> [EXERCISE GOAL]: An exact reproduction of the data below is expected, free of images.

> [EXERCISE DATA]:

============================================================

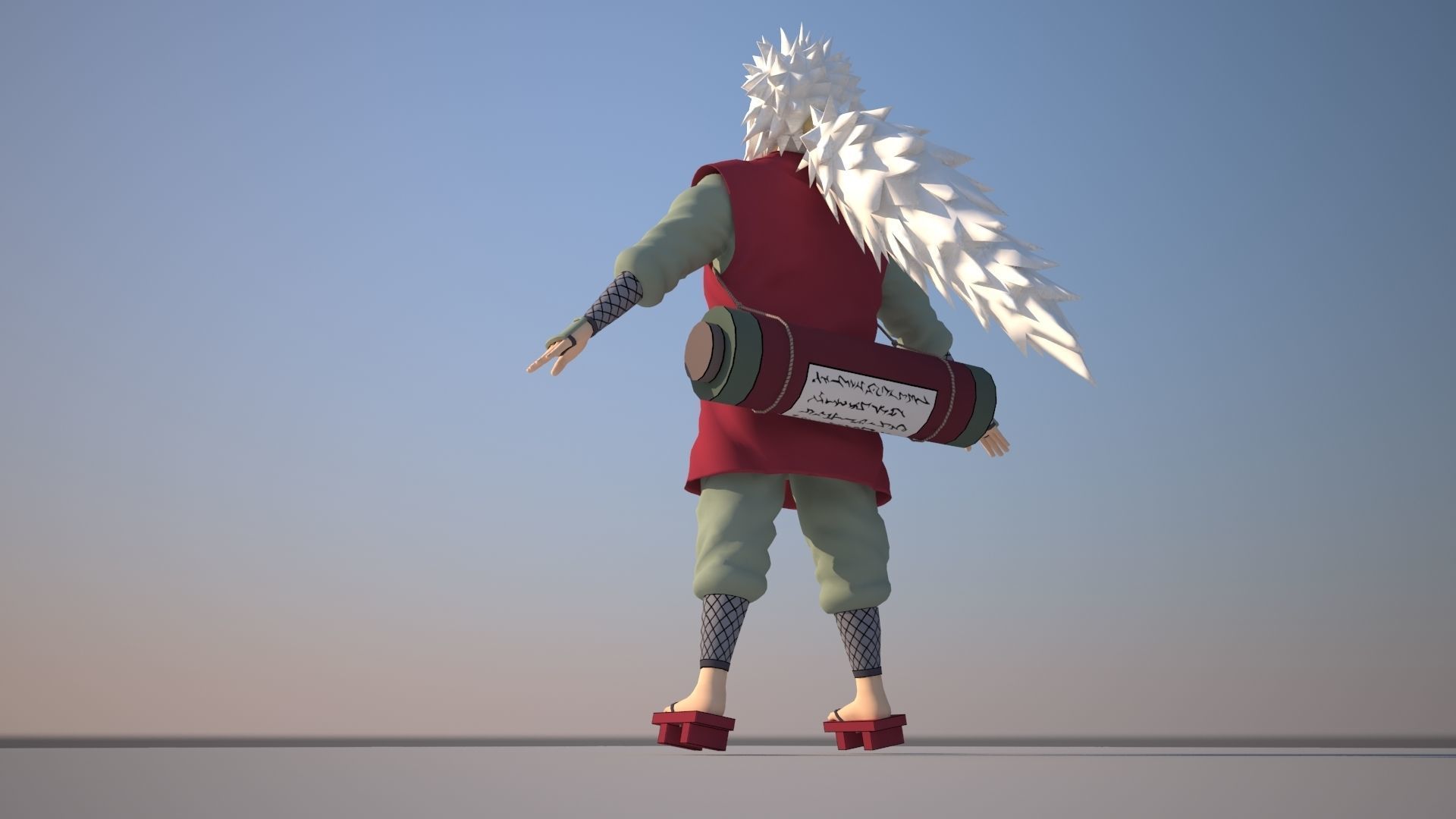 Jiraiya character with wings on skateboard Low-poly 3D model_7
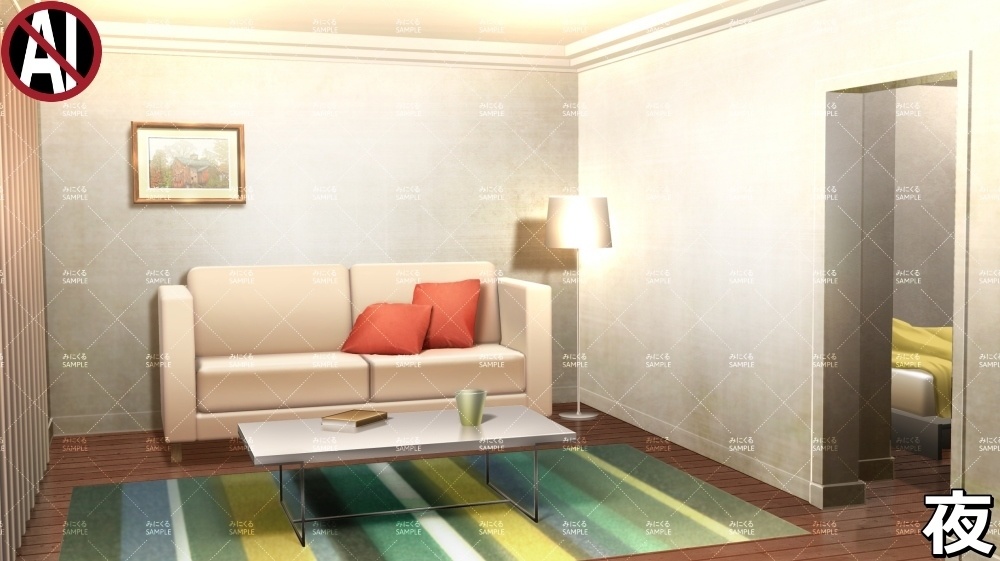 【背景素材】シンプルなお部屋/海外の部屋 (ヨーロッパ風編01-twroom007)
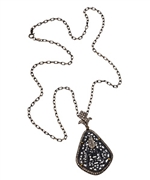 Divya Diamond Black Tear Drop Filigree Pendant Necklace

============================================================

> [RESPONSE AREA]:
 Jiraiya character with wings on skateboard Low-poly 3D model_7
 【背景素材】シンプルなお部屋/海外の部屋 (ヨーロッパ風編01-twroom007)
 Divya Diamond Black Tear Drop Filigree Pendant Necklace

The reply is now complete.